### [Material for this exercise]
%%
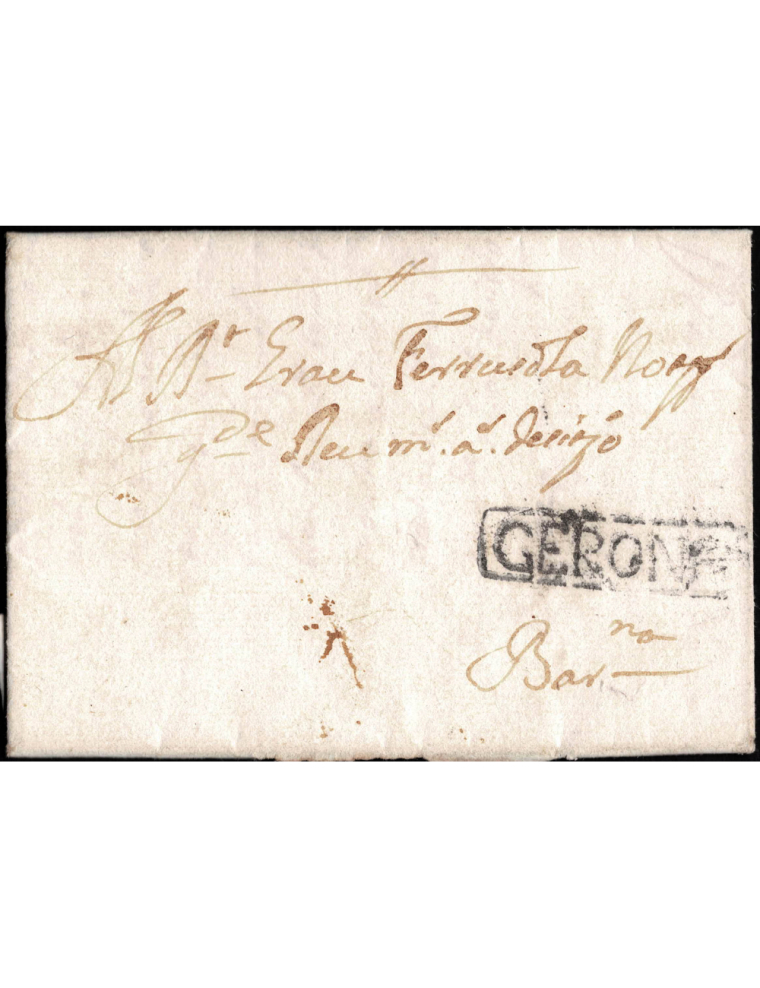 1750 (22 ENE) Girona a Barcelona. Sobrescrito con la marca “GERONA” (nº4) en recuadro discontinuo en negro de Girona. Sin menció
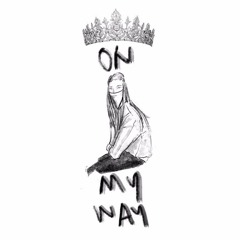 On my way (FREE DOWNLOAD)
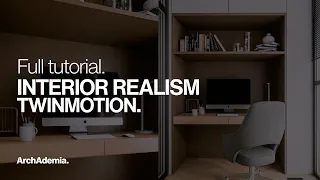 How to achieve Realism in Twinmotion | Realistic interior render | Full tutorial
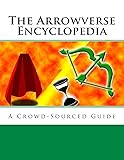 The Arrowverse Encyclopedia: A Crowd-Sourced Guide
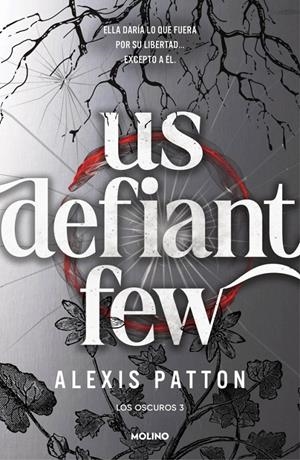 US DEFIANT FEW (LOS OSCUROS 3) [RUSTICA] | PATTON, ALEXIS | Akira Comics  - libreria donde comprar comics, juegos y libros online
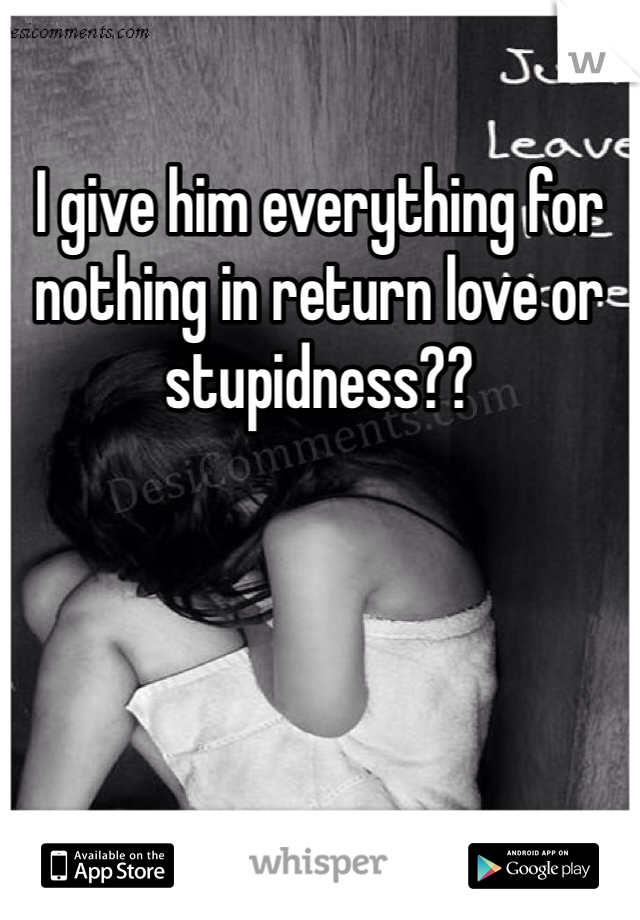 I give him everything for nothing in return love or stupidness?? 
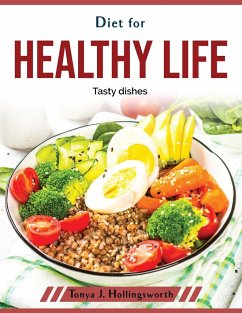 Diet for healthy life: Tasty dishes - Tonya J Hollingsworth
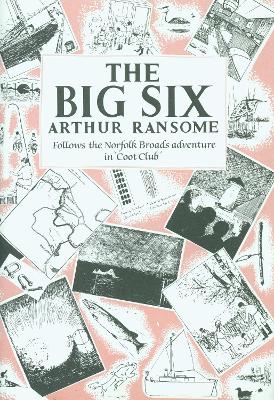 The Big Six by Arthur Ransome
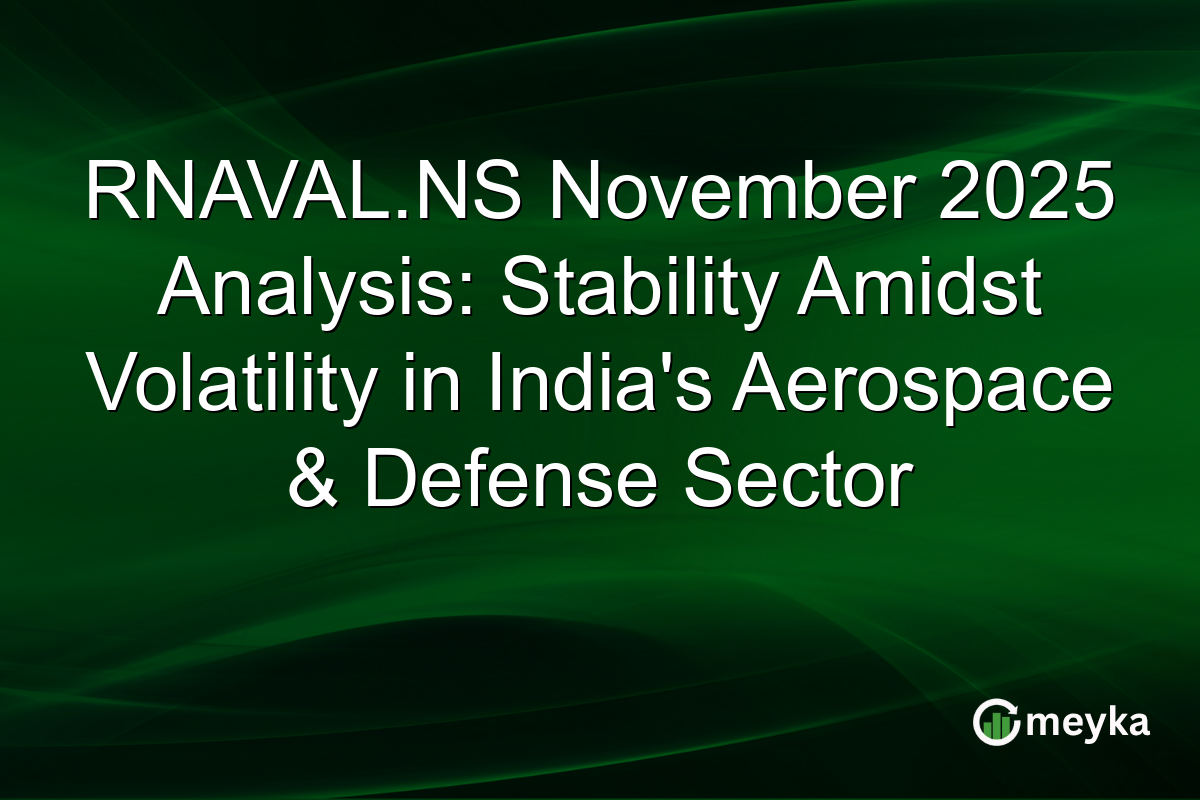 RNAVAL.NS November 2025 Analysis: Stability Amidst Volatility in India's Aerospace & Defense Sector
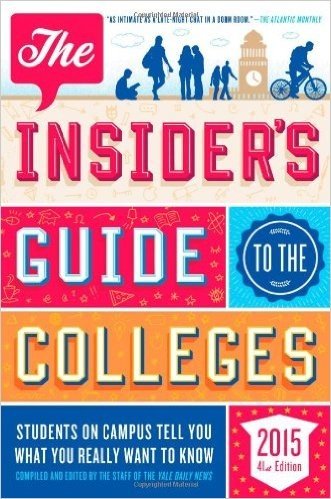 The Insider's Guide to the Colleges, 2015: Students on Campus Tell You What You Really Want to Know, 41st Edition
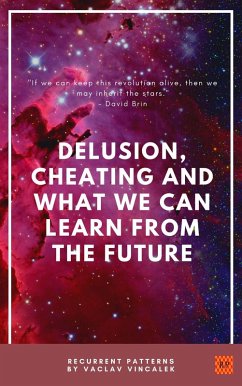 Cover Delusion, Cheating And What We Can Learn From The Future (Recurrent Patterns, #1) (eBook, ePUB)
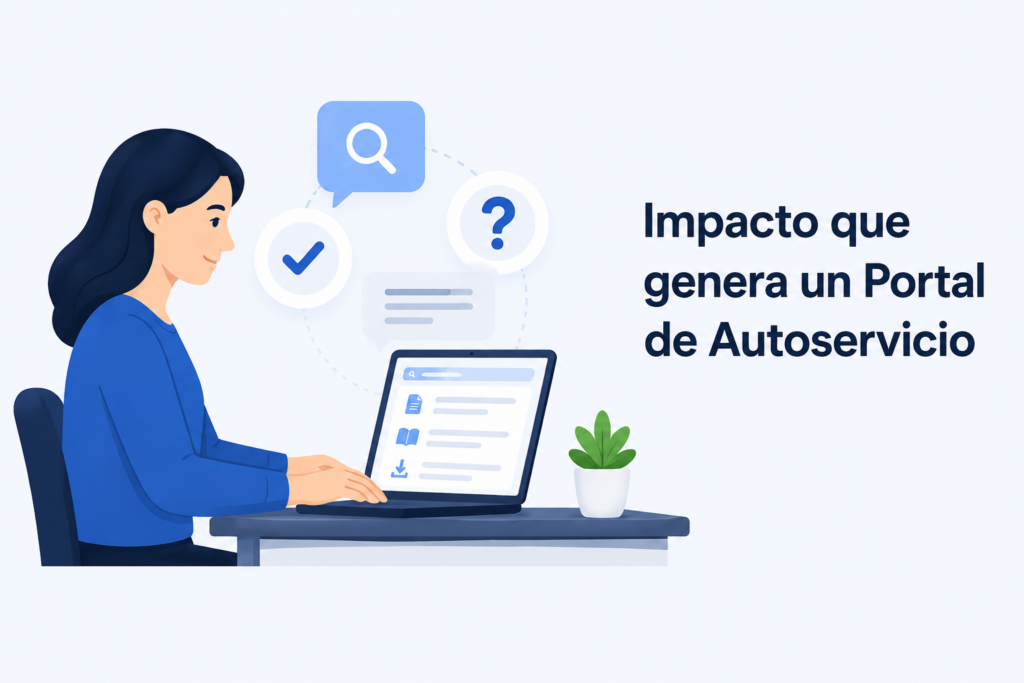 Impacto que genera un Portal de Autoservicio
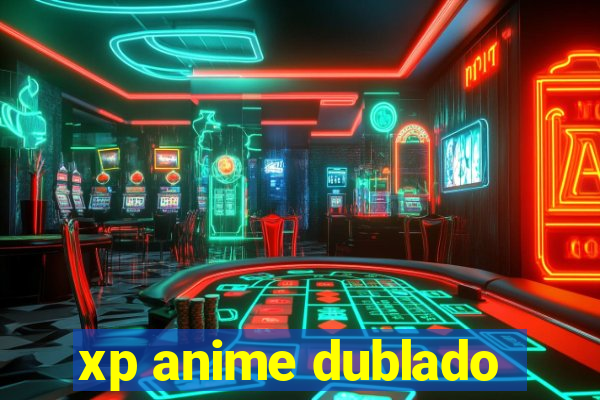 xp anime dublado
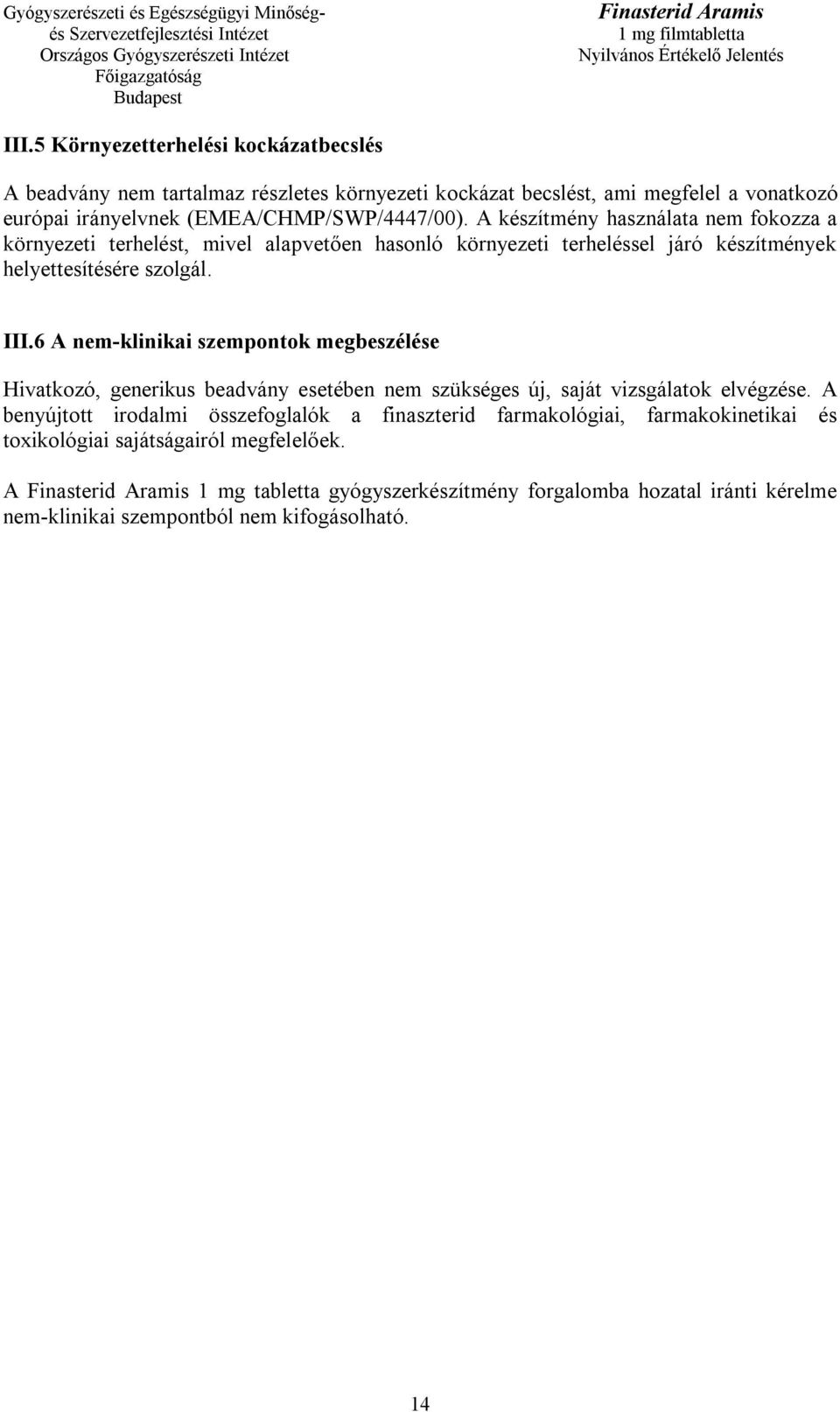 6 A nem-klinikai szempontok megbeszélése Hivatkozó, generikus beadvány esetében nem szükséges új, saját vizsgálatok elvégzése.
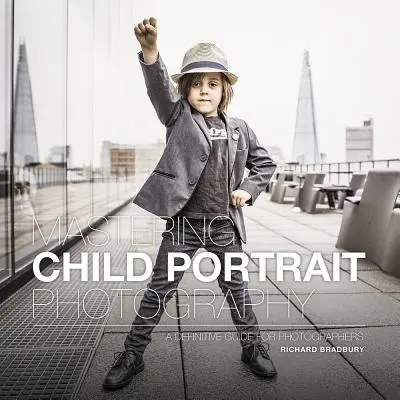 Dominio de la fotografía de retrato infantil: Guía definitiva para fotógrafos - Mastering Child Portrait Photography: A Definitive Guide for Photographers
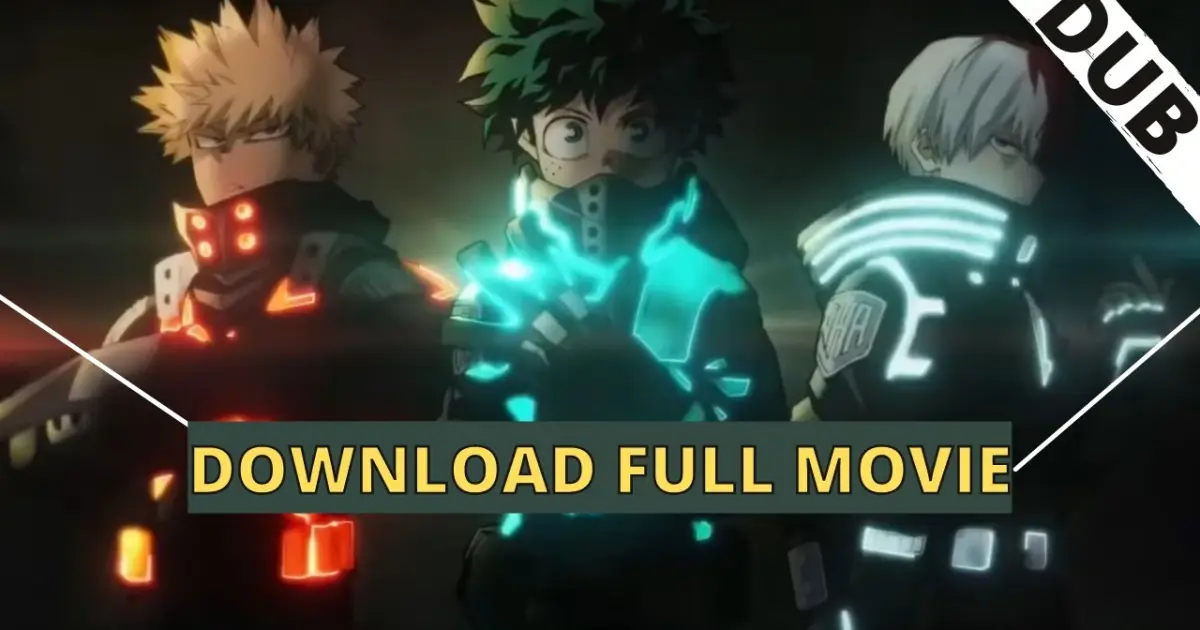 My hero academia movie 3 full movie download (WORLD HEROES MISSION DUB) - Bstation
%%
### [Exercise requirements]
From the records above, copy only the lines running from the line holding "The Big Six by Arthur Ransome" through the line holding "The Insider's Guide", with no pictures.

### [Result of the task]
 The Big Six by Arthur Ransome
 RNAVAL.NS November 2025 Analysis: Stability Amidst Volatility in India's Aerospace & Defense Sector
 The Insider's Guide to the Colleges, 2015: Students on Campus Tell You What You Really Want to Know, 41st Edition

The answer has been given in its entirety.